Take Sampson of the Bible. Sampson was a judge of Israel who also happened to be Dan's local hero. He was strong enough to kill a lion, to carry away city gates, and to cause the Temple of Dagon to fall and destroy the entire Philistine Aristocracy. I'd say he had a STR of 30 (of course he sinned and had his hair cut off, so he lost his strength "it went back down to a measly 9.") For some dumb reason, the ability scores are linked to one's level.

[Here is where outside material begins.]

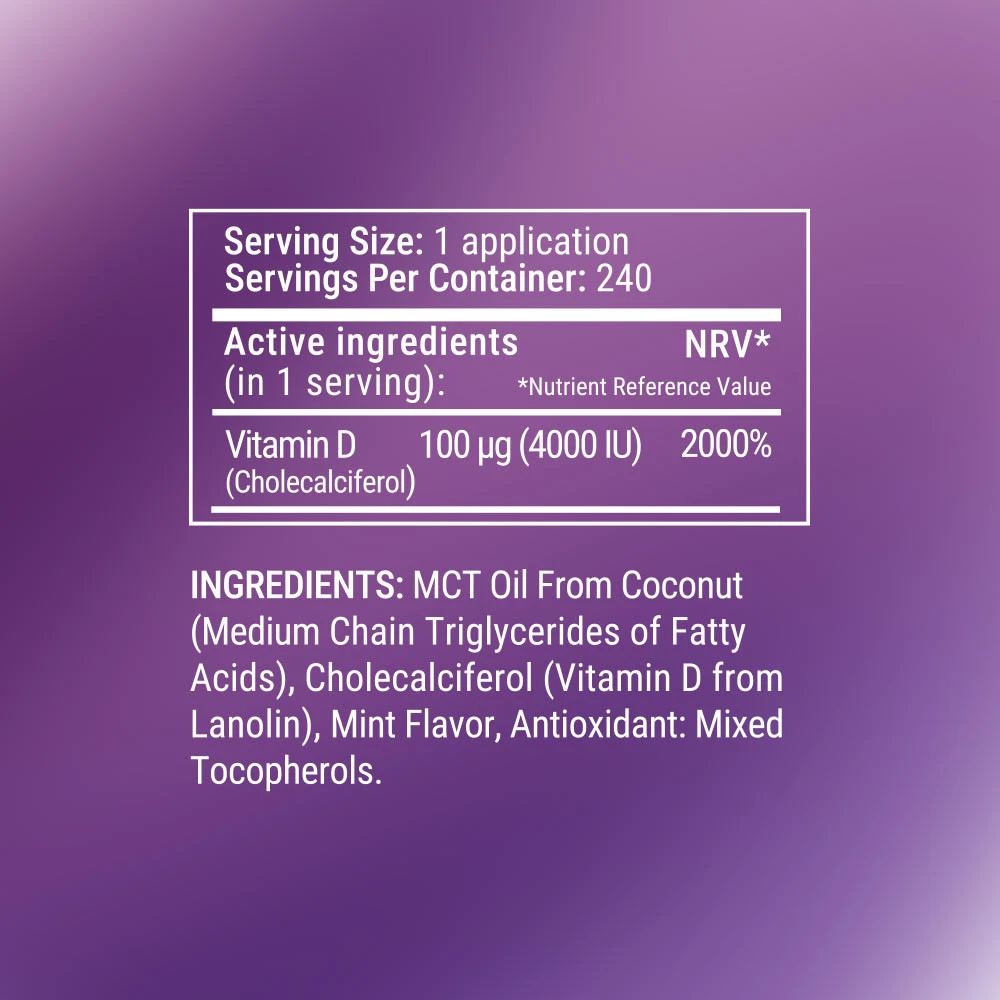 Spray oral de vitamine D4000 UI Vitamin360 (30 ml, saveur menthe) – Image 6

Actually, one of my 4e players made an issue of it when I didn't think there was one. He thought I was insane. Actually I was so incredibly tired I didn't want to discuss the issue. I wanted to show he had super strength (in RM, Sampson would have a bonus to his strength not a modification to his strength score. The "supernatural" bonus would be about +10 or +15 for RMFRP).
Secondly, I'd do something about the pidgeon-holing. I just don't know where to begin. I'd probably throw out the extended roles and try something different (I'm beginning to think that the pidgeon-holing is a core aspect of the system, but if we just got rid of that).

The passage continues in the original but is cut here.